Stewart also co-wrote and co-produced several tracks for Mick Jagger's 1987 album Primitive Cool.

In 1989, Stewart produced the debut album by Russian singer-songwriter Boris Grebenshchikov, Radio Silence.

In 1992, along with Marcella Detroit, he co-wrote the Shakespears Sister hit single "Stay" with his then-wife, Siobhan Fahey (with Stewart credited under the pseudonym "Jean Guiot") as well as several other tracks for their second album Hormonally Yours. In this year Fahey also provided vocals on "Walk into the Wind" for Stewart's group Vegas with Terry Hall, Olle Romö and Emmanuel 'Manu' Guiot.

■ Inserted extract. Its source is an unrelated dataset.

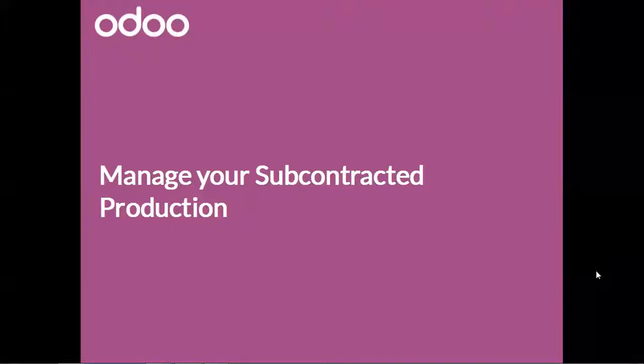The production can be done either within your company, but you can also subcontract your production away. Yes, Odoo does that too. Let's see how.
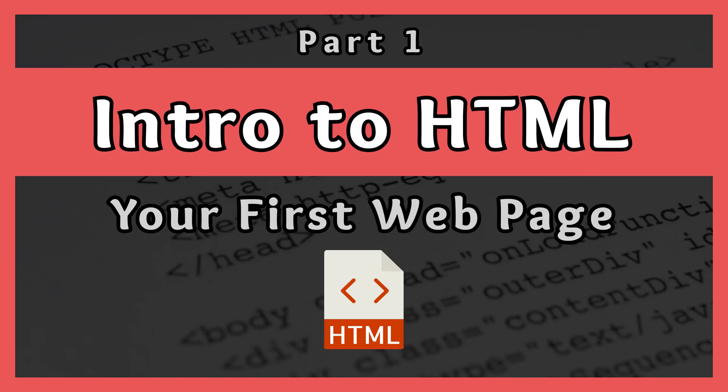Hello everybody, welcome to the first video on the introduction to HTML. In this video you will learn the structure of an HTML file as well as a few basic HTML elements.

In 1993, Stewart co-wrote two tracks for German punk rock-singer Nina Hagen which were published on her sixth solo studio album Revolution Ballroom. He can also be heard on keyboards and contributed background vocals.

In 1996, Stewart produced the debut album by Alisha's Attic, Alisha Rules the World, and wrote a few tracks on the third Shakespears Sister album #3 (actually a solo album by Siobhan Fahey, which Fahey ended up releasing in 2004).

In 1997, Stewart co-produced the album Destination Anywhere for Jon Bon Jovi, and also co-wrote two tracks.

Stewart collaborated with Bryan Ferry on his 2002 album Frantic, co-writing several tracks and co-producing one of them.

He also co-wrote "Friend or Foe" for the Russian pop duo t.A.T.u., which is on their 2005 album Dangerous and Moving.

In 2008, Stewart was brought in by Ringo Starr to produce his album Liverpool 8, after Starr dismissed the album's original producer, Mark Hudson. Hudson's work on some tracks earned both Stewart and Hudson credits as co-producers (along with Starr himself).

In 2010, Stewart announced on his Twitter account he was co-writing and producing the new studio album by Stevie Nicks. The album, entitled In Your Dreams, was co-produced by Glen Ballard and released in May 2011.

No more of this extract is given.